MOE: Fix capacity when using TP for non-MoE

When non-expert layers use TP and experts do not use TP, we drop duplicate tokens sent to experts. Dropping duplicate tokens is done by slicing the tokens tensor sent to experts where each expert handles only 1/TP of the tokens. However, for that, we need to make sure that the capacity is divisible by TP. Signed-off-by: Moshe Island <misland@habana.ai>
microsoft · Feb 21, 2024 · 4ab360a · 4ab360a
1 parent 88eca85
commit 4ab360a
Showing 1 changed file with 10 additions and 0 deletions.

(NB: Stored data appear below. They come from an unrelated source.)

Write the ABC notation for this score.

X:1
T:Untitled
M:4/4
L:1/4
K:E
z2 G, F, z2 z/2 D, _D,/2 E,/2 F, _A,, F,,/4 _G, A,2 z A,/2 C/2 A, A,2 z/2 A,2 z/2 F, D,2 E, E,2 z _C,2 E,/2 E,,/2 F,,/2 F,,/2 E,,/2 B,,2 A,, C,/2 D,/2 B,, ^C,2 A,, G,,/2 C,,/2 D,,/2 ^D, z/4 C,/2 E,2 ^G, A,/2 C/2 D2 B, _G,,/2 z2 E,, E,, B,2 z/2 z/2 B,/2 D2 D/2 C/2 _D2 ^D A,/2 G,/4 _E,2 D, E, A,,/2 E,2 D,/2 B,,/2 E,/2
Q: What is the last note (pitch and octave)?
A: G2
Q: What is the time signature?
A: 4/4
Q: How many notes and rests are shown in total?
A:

diff --git a/deepspeed/moe/sharded_moe.py b/deepspeed/moe/sharded_moe.py
@@ -214,6 +214,11 @@ def top1gating(logits: Tensor,
     if not drop_tokens:
         new_capacity = torch.max(exp_counts).to(logits.device)
         dist.all_reduce(new_capacity, op=dist.ReduceOp.MAX, group=dist.get_world_group())

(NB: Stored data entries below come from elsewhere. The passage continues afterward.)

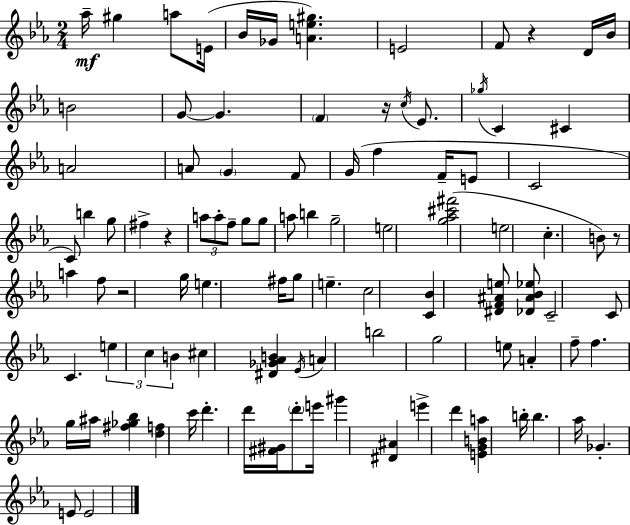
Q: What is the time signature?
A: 2/4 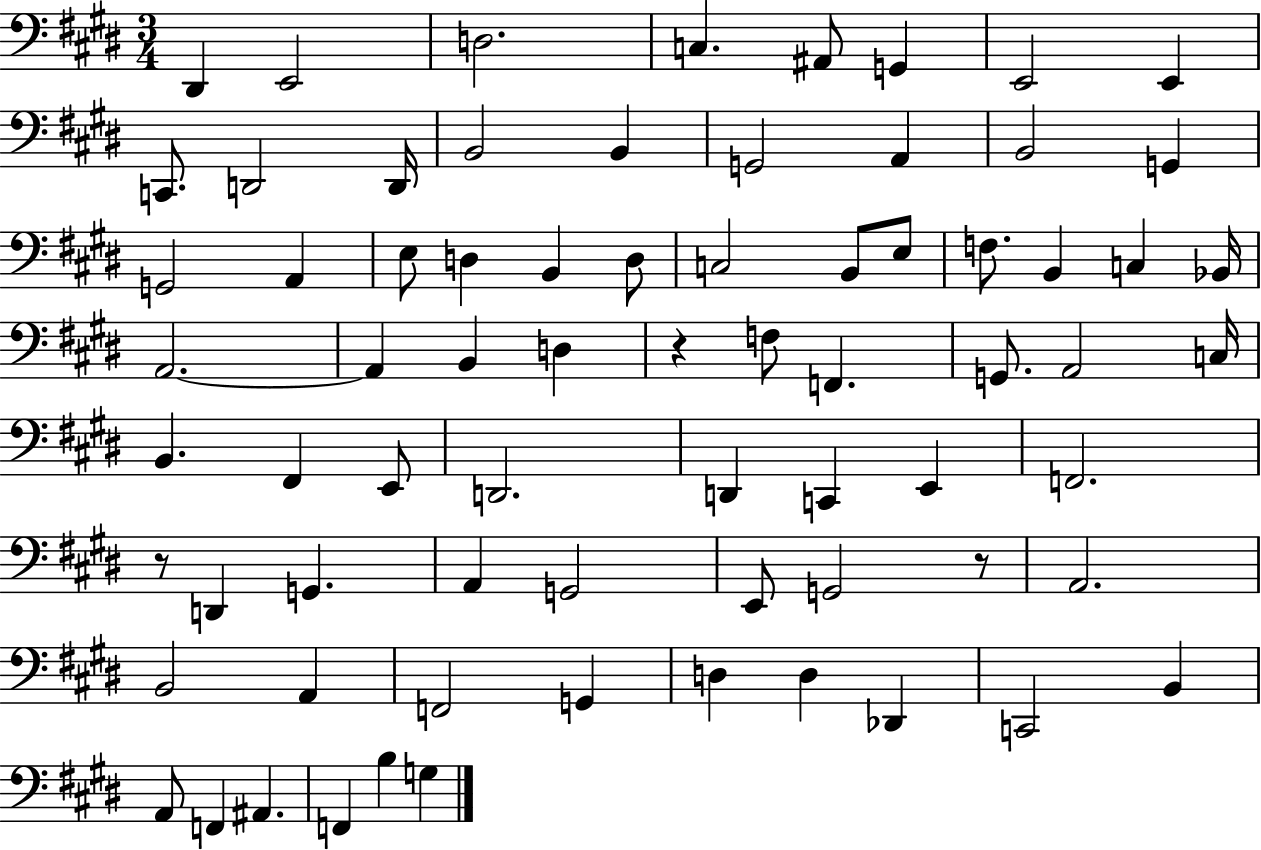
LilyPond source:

{
  \clef bass
  \numericTimeSignature
  \time 3/4
  \key e \major
  dis,4 e,2 | d2. | c4. ais,8 g,4 | e,2 e,4 | \break c,8. d,2 d,16 | b,2 b,4 | g,2 a,4 | b,2 g,4 | \break g,2 a,4 | e8 d4 b,4 d8 | c2 b,8 e8 | f8. b,4 c4 bes,16 | \break a,2.~~ | a,4 b,4 d4 | r4 f8 f,4. | g,8. a,2 c16 | \break b,4. fis,4 e,8 | d,2. | d,4 c,4 e,4 | f,2. | \break r8 d,4 g,4. | a,4 g,2 | e,8 g,2 r8 | a,2. | \break b,2 a,4 | f,2 g,4 | d4 d4 des,4 | c,2 b,4 | \break a,8 f,4 ais,4. | f,4 b4 g4 | \bar "|."
} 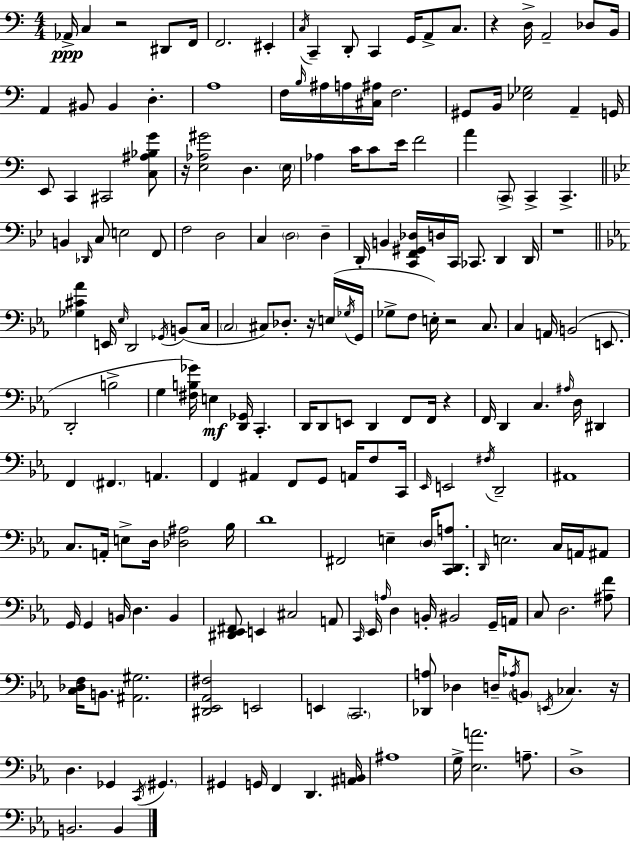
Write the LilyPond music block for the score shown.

{
  \clef bass
  \numericTimeSignature
  \time 4/4
  \key c \major
  aes,16->\ppp c4 r2 dis,8 f,16 | f,2. eis,4-. | \acciaccatura { c16 } c,4-- d,8-. c,4 g,16 a,8-> c8. | r4 d16-> a,2-- des8 | \break b,16 a,4 bis,8 bis,4 d4.-. | a1 | f16 \grace { b16 } ais16 a16 <cis ais>16 f2. | gis,8 b,16 <ees ges>2 a,4-- | \break g,16 e,8 c,4 cis,2 | <c ais bes g'>8 r16 <e aes gis'>2 d4. | \parenthesize e16 aes4 c'16 c'8 e'16 f'2 | a'4 \parenthesize c,8-> c,4-> c,4.-> | \break \bar "||" \break \key bes \major b,4 \grace { des,16 } c8 e2 f,8 | f2 d2 | c4 \parenthesize d2 d4-- | d,16-. b,4 <c, f, gis, des>16 d16 c,16 ces,8. d,4 | \break d,16 r1 | \bar "||" \break \key ees \major <ges cis' aes'>4 e,16 \grace { ees16 } d,2 \acciaccatura { ges,16 } b,8( | c16 \parenthesize c2 cis8) des8.-. r16 | e16( \acciaccatura { ges16 } g,16 ges8-> f8 e16-.) r2 | c8. c4 a,16 b,2( | \break e,8. d,2-. b2-> | g4 <fis b ges'>16) e4\mf <d, ges,>16 c,4.-. | d,16 d,8 e,8 d,4 f,8 f,16 r4 | f,16 d,4 c4. \grace { ais16 } d16 | \break dis,4 f,4 \parenthesize fis,4. a,4. | f,4 ais,4 f,8 g,8 | a,16 f8 c,16 \grace { ees,16 } e,2 \acciaccatura { fis16 } d,2-- | ais,1 | \break c8. a,16-. e8-> d16 <des ais>2 | bes16 d'1 | fis,2 e4-- | \parenthesize d16 <c, d, a>8. \grace { d,16 } e2. | \break c16 a,16 ais,8 g,16 g,4 b,16 d4. | b,4 <dis, ees, fis,>8 e,4 cis2 | a,8 \grace { c,16 } ees,16 \grace { a16 } d4 b,16-. bis,2 | g,16-- a,16 c8 d2. | \break <ais f'>8 <c des f>16 b,8. <ais, gis>2. | <dis, ees, aes, fis>2 | e,2 e,4 \parenthesize c,2. | <des, a>8 des4 d16-- | \break \acciaccatura { aes16 } \parenthesize b,8 \acciaccatura { e,16 } ces4. r16 d4. | ges,4 \acciaccatura { c,16 } \parenthesize gis,4. gis,4 | g,16 f,4 d,4. <ais, b,>16 ais1 | g16-> <ees a'>2. | \break a8.-- d1-> | b,2. | b,4 \bar "|."
}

+        if groups._get_expert_model_parallel_world_size() == 1:
+            # If the non-expert is tensor-parallel, we need to pad the capacity to 'tp'.

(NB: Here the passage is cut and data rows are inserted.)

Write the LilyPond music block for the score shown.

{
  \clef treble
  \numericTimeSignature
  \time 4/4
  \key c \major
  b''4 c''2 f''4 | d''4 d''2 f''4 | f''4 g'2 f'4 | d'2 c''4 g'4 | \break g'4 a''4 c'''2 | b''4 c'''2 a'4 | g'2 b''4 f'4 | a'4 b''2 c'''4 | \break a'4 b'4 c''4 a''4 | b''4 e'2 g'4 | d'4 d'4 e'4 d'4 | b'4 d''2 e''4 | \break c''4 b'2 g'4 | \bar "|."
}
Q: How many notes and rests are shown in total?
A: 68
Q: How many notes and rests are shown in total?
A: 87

+            # This is since we are going to activate drop_tokens() to drop duplicate tokens.
+            tp = 1 if groups.mpu is None else groups.mpu.get_tensor_model_parallel_world_size()
+            new_capacity = torch.ceil(new_capacity / tp).mul(tp).to(new_capacity.dtype)
         capacity = new_capacity
 
     # Compute l_aux
@@ -326,6 +331,11 @@ def top2gating(logits: Tensor,
         # Do not drop tokens - set capacity according to current expert assignments
         new_capacity = torch.max(exp_counts)
         dist.all_reduce(new_capacity, op=dist.ReduceOp.MAX, group=dist.get_world_group())
+        if groups._get_expert_model_parallel_world_size() == 1:
+            # If the non-expert is tensor-parallel, we need to pad the capacity to 'tp'.
+            # This is since we are going to activate drop_tokens() to drop duplicate tokens.
+            tp = 1 if groups.mpu is None else groups.mpu.get_tensor_model_parallel_world_size()
+            new_capacity = torch.ceil(new_capacity / tp).mul(tp).to(new_capacity.dtype)
         capacity = new_capacity
 
     # Store the capacity location for each token